## Prompt:
Print what the records say exactly, and omit the pictures.

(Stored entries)

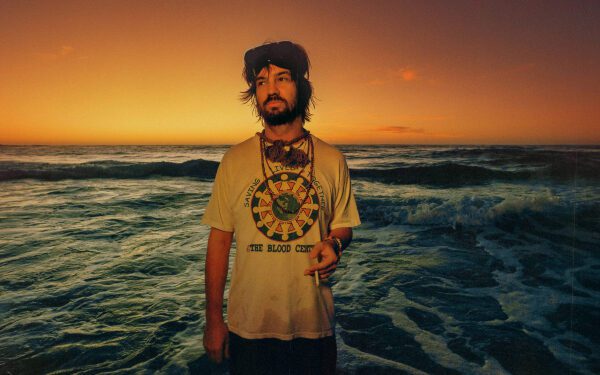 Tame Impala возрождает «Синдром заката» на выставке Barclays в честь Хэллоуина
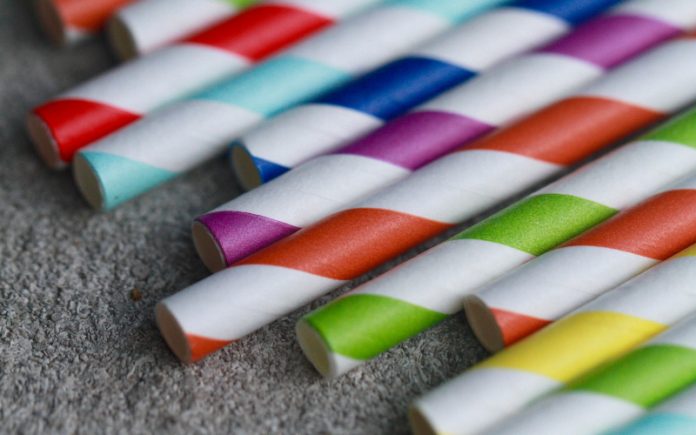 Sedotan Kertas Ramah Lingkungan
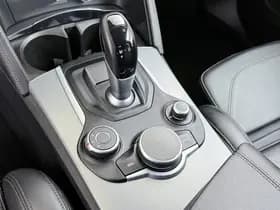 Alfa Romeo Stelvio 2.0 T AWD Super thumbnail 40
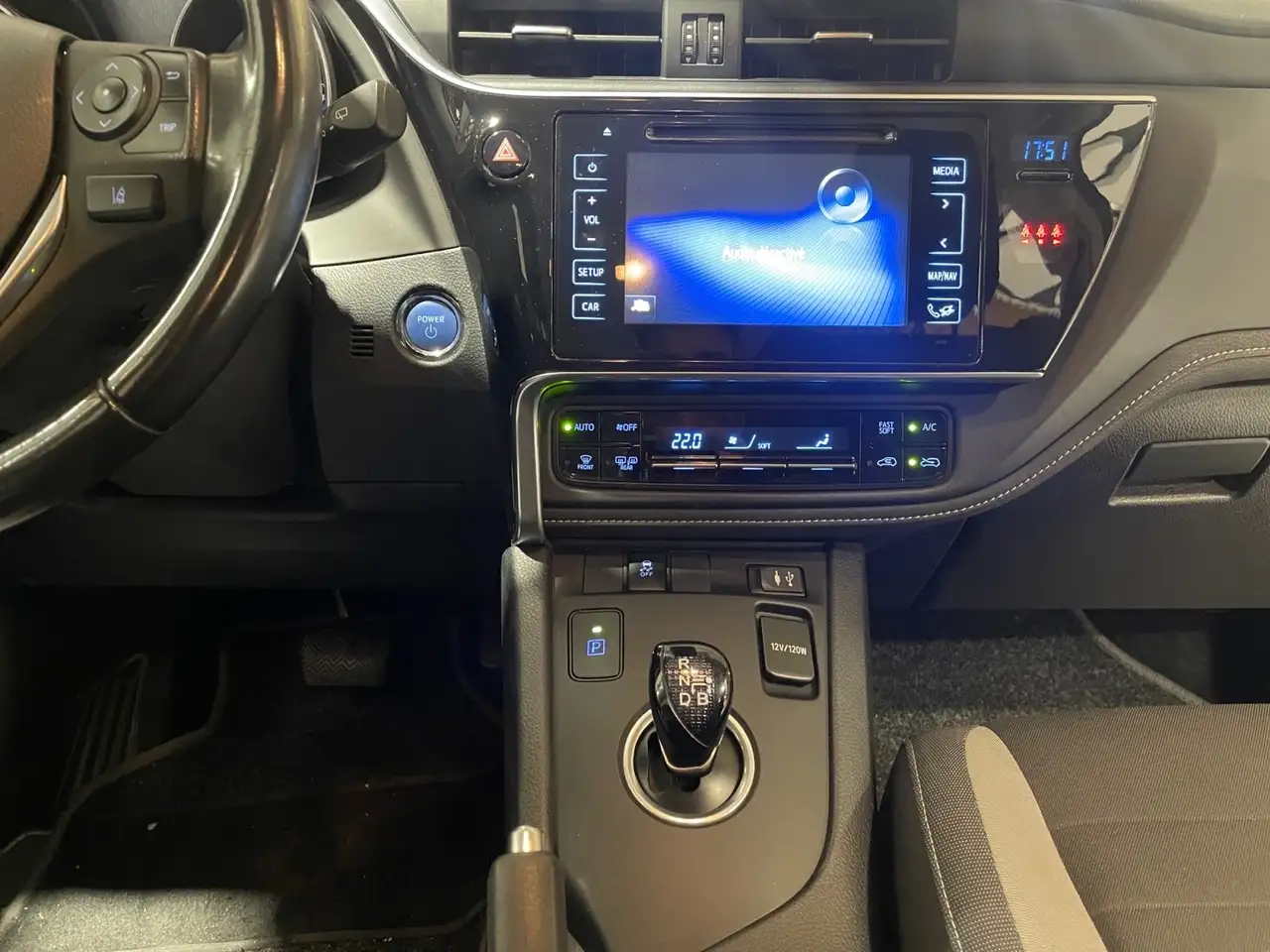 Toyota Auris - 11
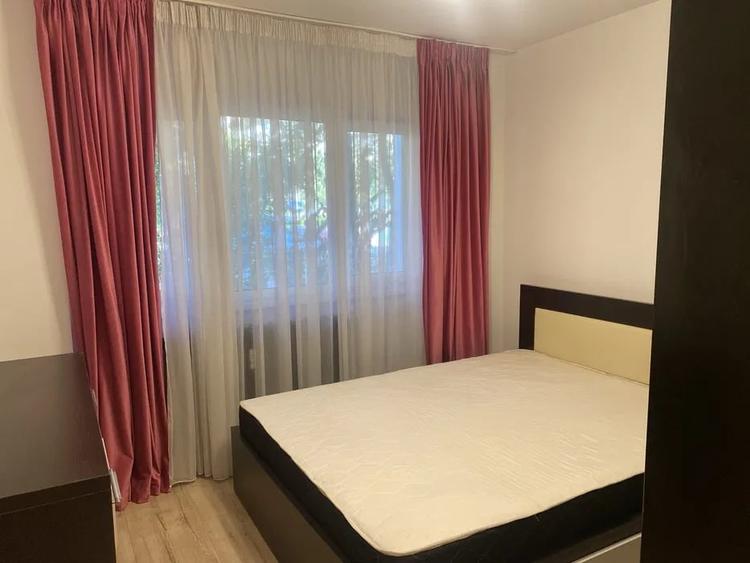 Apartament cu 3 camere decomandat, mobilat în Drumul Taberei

## Reply:
 Tame Impala возрождает «Синдром заката» на выставке Barclays в честь Хэллоуина
 Sedotan Kertas Ramah Lingkungan
 Alfa Romeo Stelvio 2.0 T AWD Super thumbnail 40
 Toyota Auris - 11
 Apartament cu 3 camere decomandat, mobilat în Drumul Taberei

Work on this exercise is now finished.